**YOUR ASSIGNMENT**:
All entries need to be written out verbatim, with pictures omitted.

**SOURCE MATERIAL**:
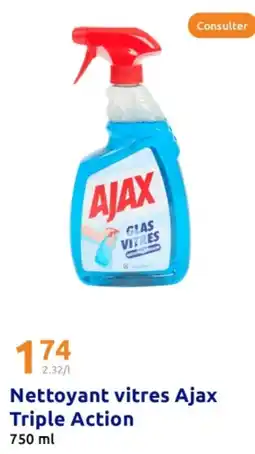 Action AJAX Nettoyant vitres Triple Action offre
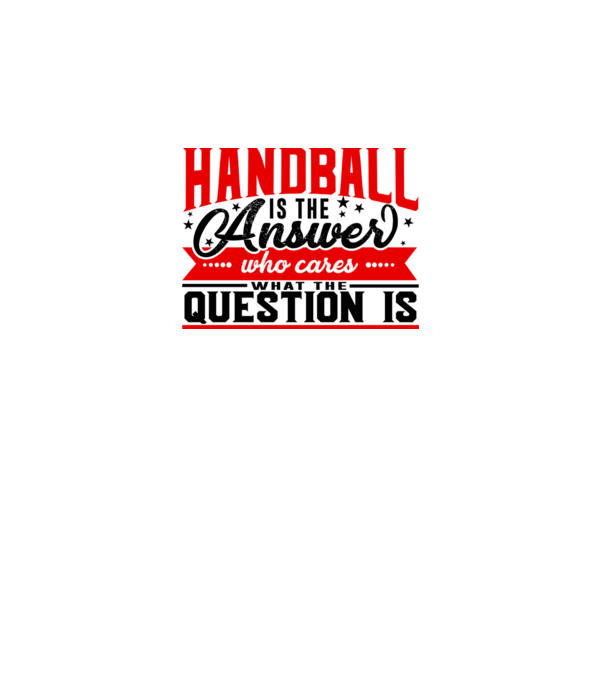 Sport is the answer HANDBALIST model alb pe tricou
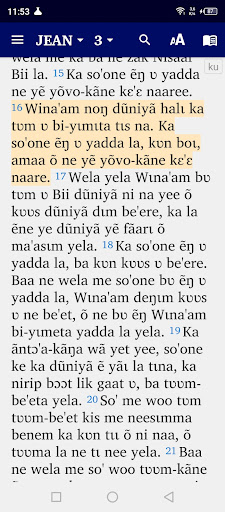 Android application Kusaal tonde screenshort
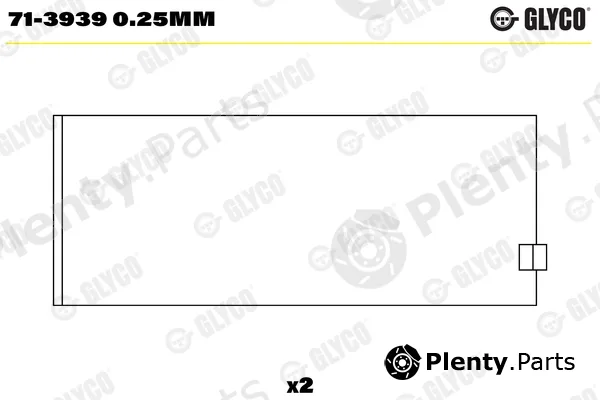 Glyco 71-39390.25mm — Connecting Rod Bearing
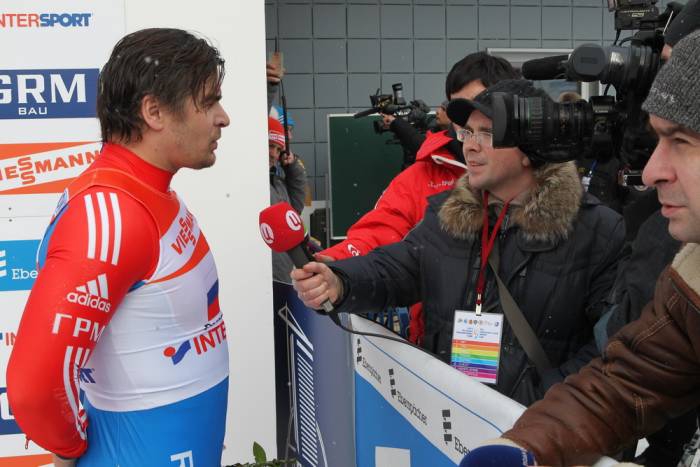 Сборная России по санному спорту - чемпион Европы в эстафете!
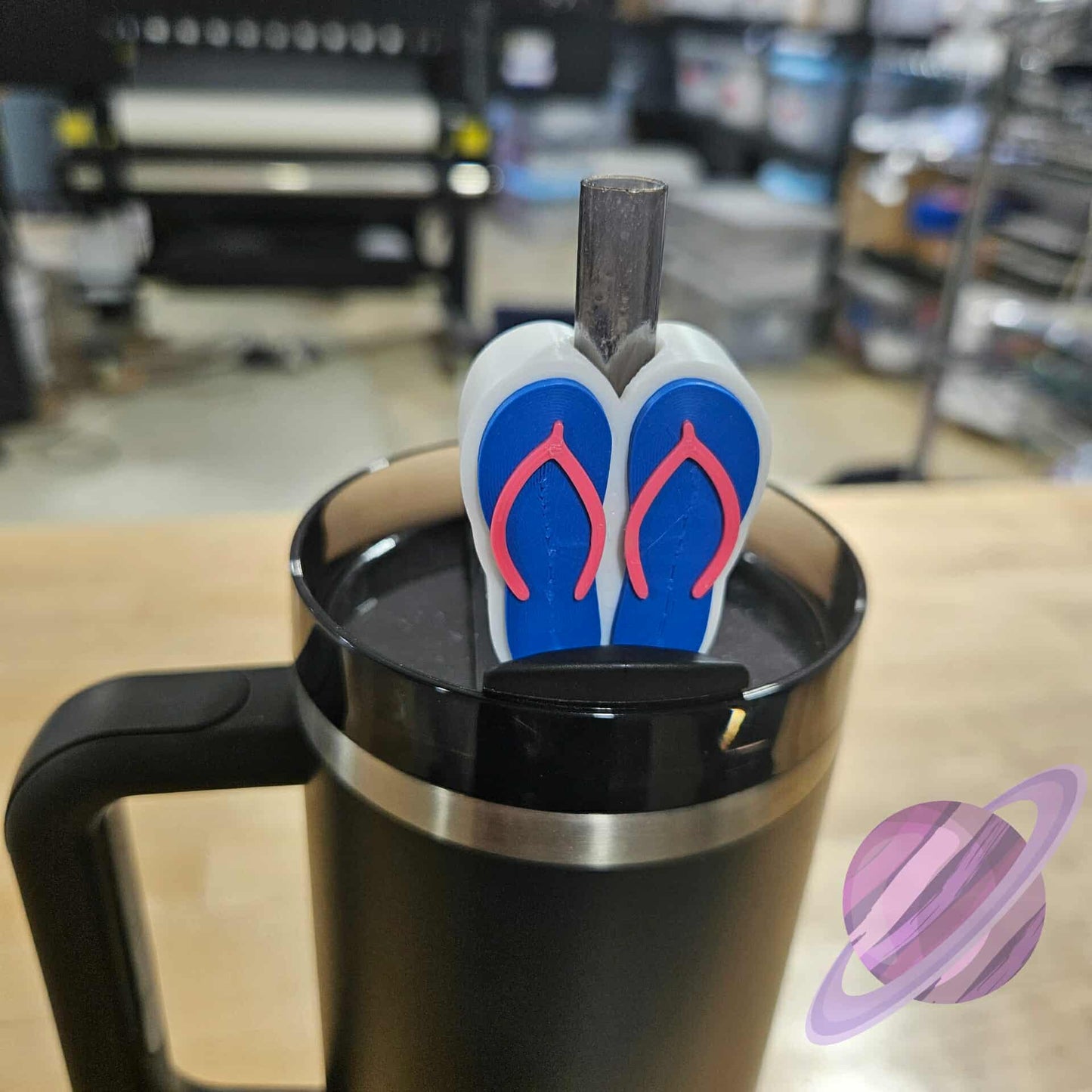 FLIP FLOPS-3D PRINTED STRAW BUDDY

**EXERCISE RESPONSE**:
 Action AJAX Nettoyant vitres Triple Action offre
 Sport is the answer HANDBALIST model alb pe tricou
 Android application Kusaal tonde screenshort
 Glyco 71-39390.25mm — Connecting Rod Bearing
 Сборная России по санному спорту - чемпион Европы в эстафете!
 FLIP FLOPS-3D PRINTED STRAW BUDDY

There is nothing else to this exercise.